CHAPTER 3

“You were scheduled for a three-hour IQ test,” Alexander said diffidently.
Alexander Thompson turned out to be a six-foot-four or so slender black man in his twenties in dress slacks, neatly cropped hair, and a Super Corps polo shirt. While his actual position wasn’t clear, he obviously wasn’t a super. Mentally labeling him “lackey” felt unkind, so Michael decided to go with “aspiring suit.”
Michael could tell right away that the guy was unsure where Compton was much less had ever been there. This guy was straight out of Long Island. He decided to take it easy on the guy—at least at first.
“You been waiting this whole time?” Michael asked. “My bad.”
“It’s alright,” Alexander said, holding up his phone to indicate how he’d passed the time. “The problem being if you start now it would run into lunch. I’m fine with that but I was told you have . . . food insecurity issues?”

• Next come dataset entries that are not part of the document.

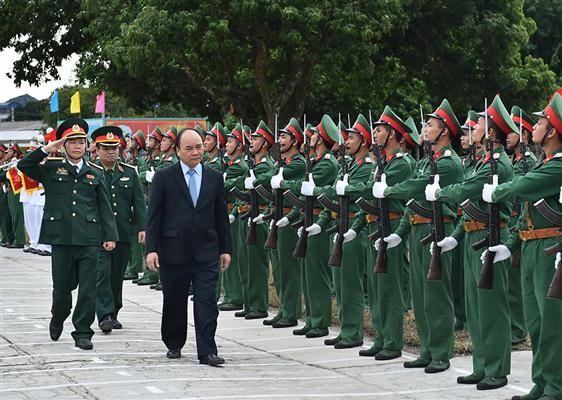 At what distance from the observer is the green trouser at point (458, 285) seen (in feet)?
41.3

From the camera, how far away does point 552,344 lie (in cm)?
825

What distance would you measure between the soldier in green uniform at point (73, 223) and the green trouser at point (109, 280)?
28.2 inches

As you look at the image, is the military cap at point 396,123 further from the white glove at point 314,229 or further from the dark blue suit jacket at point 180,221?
the dark blue suit jacket at point 180,221

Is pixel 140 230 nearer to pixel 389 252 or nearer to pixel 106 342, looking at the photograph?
pixel 106 342

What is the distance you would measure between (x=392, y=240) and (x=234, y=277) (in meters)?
4.65

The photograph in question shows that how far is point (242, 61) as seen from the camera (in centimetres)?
2728

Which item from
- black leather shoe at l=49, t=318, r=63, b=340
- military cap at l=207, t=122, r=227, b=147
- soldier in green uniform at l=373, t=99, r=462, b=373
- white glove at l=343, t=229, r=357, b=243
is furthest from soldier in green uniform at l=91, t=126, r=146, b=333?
soldier in green uniform at l=373, t=99, r=462, b=373

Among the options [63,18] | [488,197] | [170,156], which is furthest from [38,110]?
[488,197]

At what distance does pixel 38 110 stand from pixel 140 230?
113327mm

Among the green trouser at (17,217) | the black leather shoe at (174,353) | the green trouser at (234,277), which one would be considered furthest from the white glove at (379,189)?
the green trouser at (17,217)

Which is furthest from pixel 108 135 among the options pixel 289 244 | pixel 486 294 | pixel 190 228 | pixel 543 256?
pixel 543 256

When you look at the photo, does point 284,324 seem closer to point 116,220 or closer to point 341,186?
point 116,220

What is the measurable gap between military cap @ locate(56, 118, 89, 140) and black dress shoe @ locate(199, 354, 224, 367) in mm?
2635

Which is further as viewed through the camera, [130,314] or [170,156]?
[170,156] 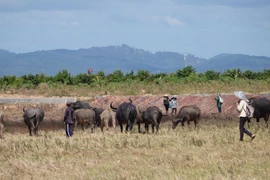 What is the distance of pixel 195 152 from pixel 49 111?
27.5m

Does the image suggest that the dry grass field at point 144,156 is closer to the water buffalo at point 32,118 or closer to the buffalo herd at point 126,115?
the buffalo herd at point 126,115

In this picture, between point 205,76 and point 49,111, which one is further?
point 205,76

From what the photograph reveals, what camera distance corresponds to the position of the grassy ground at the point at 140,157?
1553 centimetres

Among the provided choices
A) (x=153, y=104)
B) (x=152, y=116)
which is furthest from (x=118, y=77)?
(x=152, y=116)

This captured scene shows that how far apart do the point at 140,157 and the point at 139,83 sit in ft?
127

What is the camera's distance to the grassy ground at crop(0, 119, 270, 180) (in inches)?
611

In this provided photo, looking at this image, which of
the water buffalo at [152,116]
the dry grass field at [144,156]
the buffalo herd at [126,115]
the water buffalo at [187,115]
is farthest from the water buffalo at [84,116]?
the water buffalo at [187,115]

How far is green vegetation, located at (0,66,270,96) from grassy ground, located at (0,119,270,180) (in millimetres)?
25622

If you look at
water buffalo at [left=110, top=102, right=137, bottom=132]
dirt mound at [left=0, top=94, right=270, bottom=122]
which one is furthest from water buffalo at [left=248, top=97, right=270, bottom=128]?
water buffalo at [left=110, top=102, right=137, bottom=132]

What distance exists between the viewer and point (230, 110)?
36.3m

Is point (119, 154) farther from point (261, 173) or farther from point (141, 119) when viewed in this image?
point (141, 119)

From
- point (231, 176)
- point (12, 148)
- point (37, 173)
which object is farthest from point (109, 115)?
point (231, 176)

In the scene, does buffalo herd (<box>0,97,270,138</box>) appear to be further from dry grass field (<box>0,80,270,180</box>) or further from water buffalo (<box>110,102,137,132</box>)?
dry grass field (<box>0,80,270,180</box>)

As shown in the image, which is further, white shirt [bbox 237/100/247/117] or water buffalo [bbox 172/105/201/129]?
water buffalo [bbox 172/105/201/129] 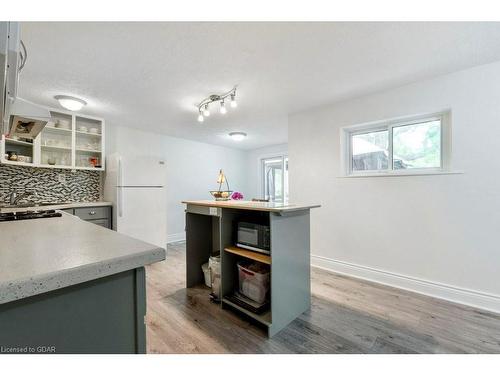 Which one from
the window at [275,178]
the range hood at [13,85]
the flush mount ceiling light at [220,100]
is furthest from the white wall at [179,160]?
the range hood at [13,85]

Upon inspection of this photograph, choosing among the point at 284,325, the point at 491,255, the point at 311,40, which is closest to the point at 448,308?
the point at 491,255

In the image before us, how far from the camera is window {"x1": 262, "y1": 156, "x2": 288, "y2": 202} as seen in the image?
5531mm

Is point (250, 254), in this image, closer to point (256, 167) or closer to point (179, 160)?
point (179, 160)

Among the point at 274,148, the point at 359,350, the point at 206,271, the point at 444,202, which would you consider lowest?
the point at 359,350

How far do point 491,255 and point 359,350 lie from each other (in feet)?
5.13

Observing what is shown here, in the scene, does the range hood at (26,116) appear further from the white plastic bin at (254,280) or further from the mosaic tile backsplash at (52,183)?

“Being starved nearly to death does that,” Michael said, shrugging. “But I also have skipped more lunches than I’ve had. Also, it won’t take three hours, so let’s go. Where?” he added, gesturing around the office lobby.
The lobby of the Super Corps New York offices was a little nicer than most such government buildings. Two stories in height, it was about four thousand square feet with decorative marble pillars, a marble floor with the Super Corps emblem on it, wood-paneled walls, and potted plants in selective corners. Directly opposite the entrance was the “Flyer exit,” a sliding glass door that led to a small runway for Flyers to take off on their patrols.
Pretty much the entire sixteenth and seventeenth floors of the Javits Building were devoted to the Corps despite the fact that there were only about a hundred total supers who worked there, and most were out on patrols.
“This way,” Alexander said, gesturing down one of the side corridors.
“Thing about IQ tests is the more time you take, the lower your IQ gets graded,” Michael said. “IQ is about speed of thought as much as anything. So, the faster you answer the questions, the higher your IQ is scored as long as you get the answers right. You’re graded on speed, yes, but get a double-down on wrong answers. So, skip any that you’re unsure. Better to skip than get one wrong.”
“I wasn’t aware of that,” Alexander said. “I usually go back and check and recheck on a test if I have time.”
“Thing is, not only is it weighted to score higher the younger the person is, depending on how it’s structured you can get various answers,” Michael said. “This a computer test where you hit the correct circle on multiple choice?”
“I think so,” Alexander said, puzzled. “It’s on a computer.”
“So, a person who hasn’t used a computer to take tests very much is going to be slower,” Michael said, shrugging. “That’s one reason that blacks tend to score lower—less experience with computers and computerized tests growing up. Even today. Also, how’s your hand-eye coordination? How’s your eyesight? So, unintentionally, it’s also testing what’s called kinesthetics.”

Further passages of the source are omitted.